Çeviriyi kimin için yaptığınız doğrultusunda hangi ifadeyi kullanacağınızı belirleyebilirsiniz bence. "Occassion" bu anlamıyla (cause, reason) formal bir sözcük olarak kullanılıyor bildiğim kadarıyla. Çeviriyi yaptığınız kişi(ler) (daha) resmi bir dil kullanmanızı gerektiriyorsa tercih edilebilir diye düşünüyorum. Sonuçta önemli olan anlamı/manayı hedef dile aktarmak. Ama tam bir cevap almak için en iyisi native arkadaşlara sormak gerek, tabi burada da yardımcı olacak kişiler vardır muhakkak.


----------



## RimeoftheAncientMariner

"1978 Aralık ayında 100'ü aşkın insanın katledildiği Kahramanmaraş Katliamı vesilesiyle ilan edilen sıkıyönetimle birlikte ordu adım adım rejime ortak oluyordu. 

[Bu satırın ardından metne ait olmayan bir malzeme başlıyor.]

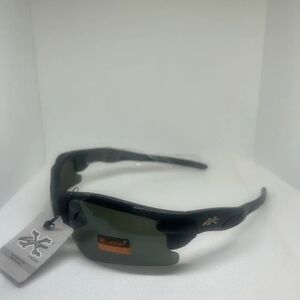 X-Loop Wrap Semi-Rimless Mens Shades Sunglasses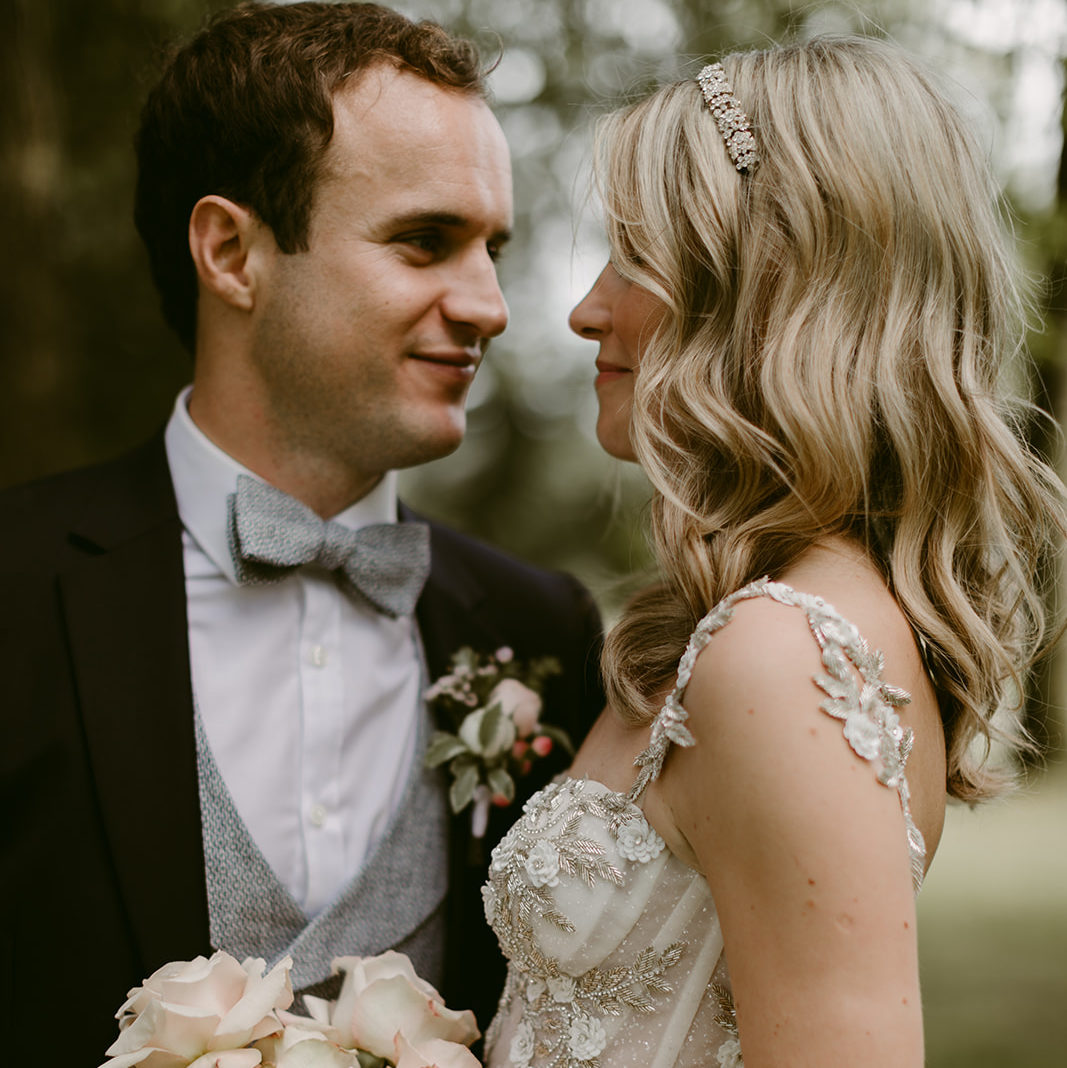 Bride and groom, John and Siobhan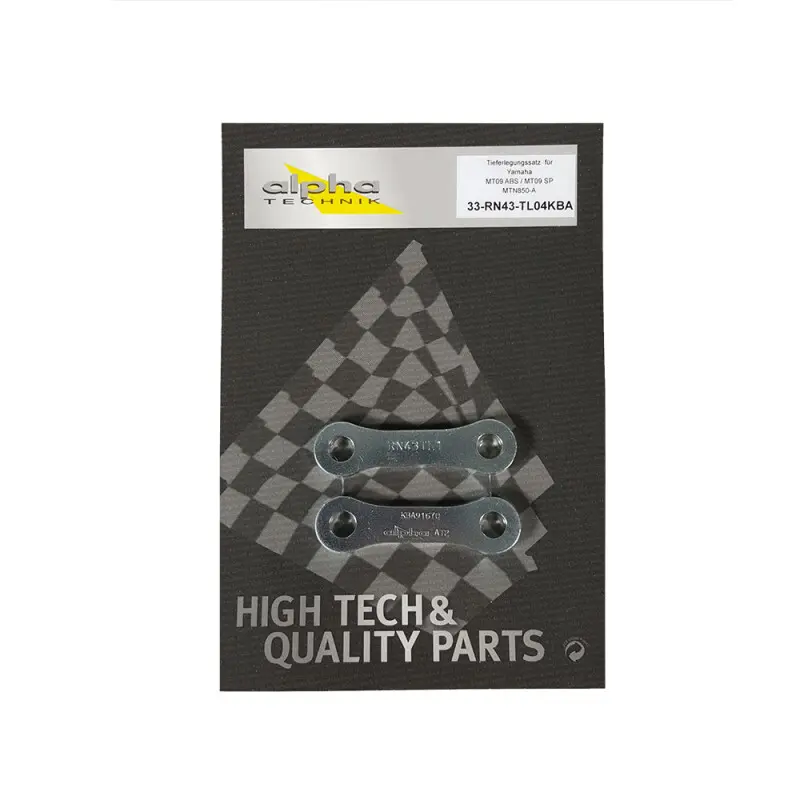 Tieferlegungssatz Alpha Technik Yamaha MT09 ABS/MT09SP/MTN850-A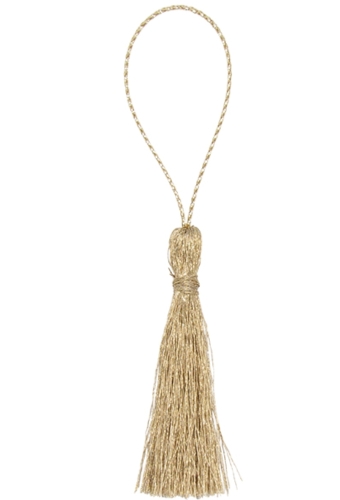 Decoratie Kwastje Tassel Brons 5.5cm 70stuks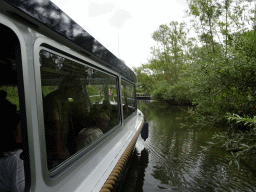 Our Fluistertocht tour boat on the Sloot Beneden Petrus creek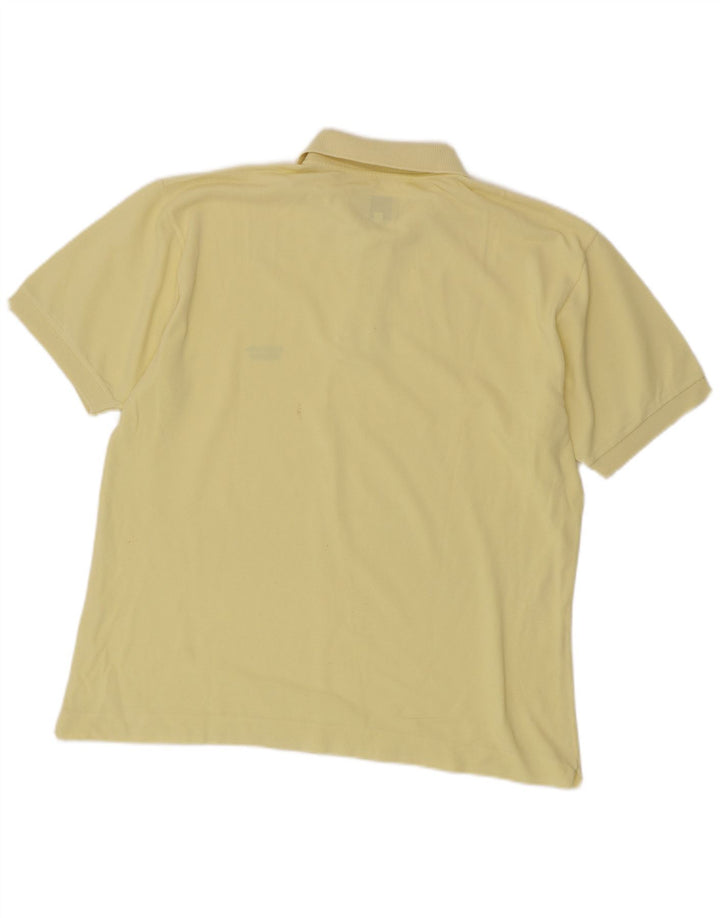 BENETTON Mens Polo Shirt Large Yellow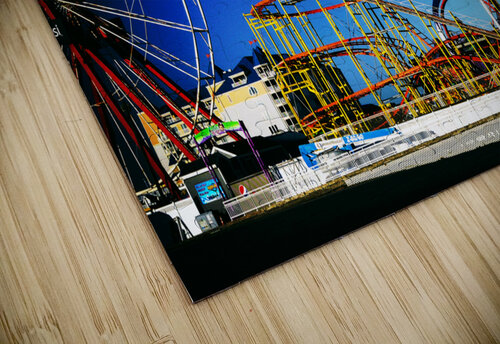 Deserted Ocean City Amusement Pier Rembrandt Bill Swartwout Photography puzzle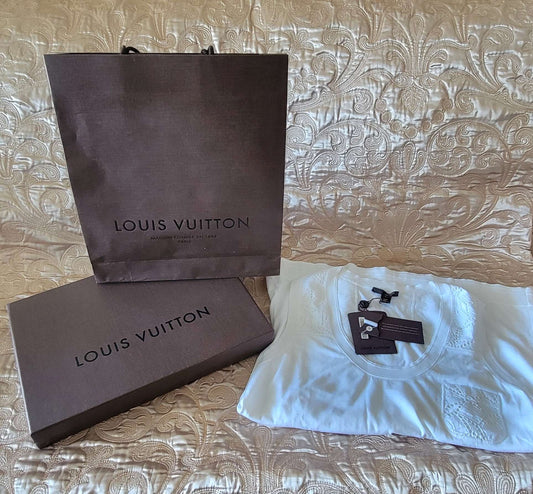 Louis Vuitton: Cotton Tank Top Size L - NEW w/ tags, box, bag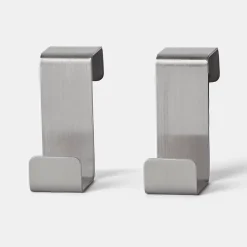 Crochet de rangement forme S Datil GoodHome inox vendu par 2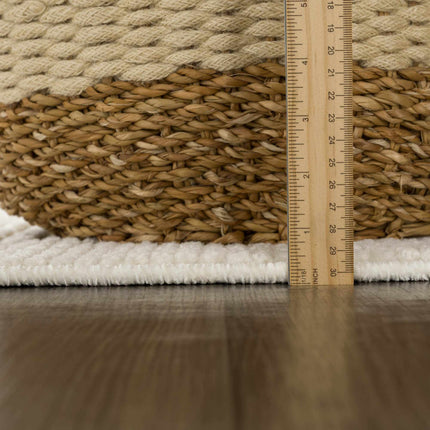 Bahar Cream Washable Area Rug Rugs TriadCommerceInc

in the cold of a 1978 December, the army was gradually becoming the other part of the regime, in the declaration of a martial war announced by the way led by the KahramanMaraş Manslaughter where over a 100 claimed lives had been.

PS: iddiacı değilim ama böyle derdim.


----------



## misi2991

LeBro said:


> Çeviriyi kimin için yaptığınız doğrultusunda hangi ifadeyi kullanacağınızı belirleyebilirsiniz bence. "Occassion" bu anlamıyla (cause, reason) formal bir sözcük olarak kullanılıyor bildiğim kadarıyla. Çeviriyi yaptığınız kişi(ler) (daha) resmi bir dil kullanmanızı gerektiriyorsa tercih edilebilir diye düşünüyorum. Sonuçta önemli olan anlamı/manayı hedef dile aktarmak. Ama tam bir cevap almak için en iyisi native arkadaşlara sormak gerek, tabi burada da yardımcı olacak kişiler vardır muhakkak.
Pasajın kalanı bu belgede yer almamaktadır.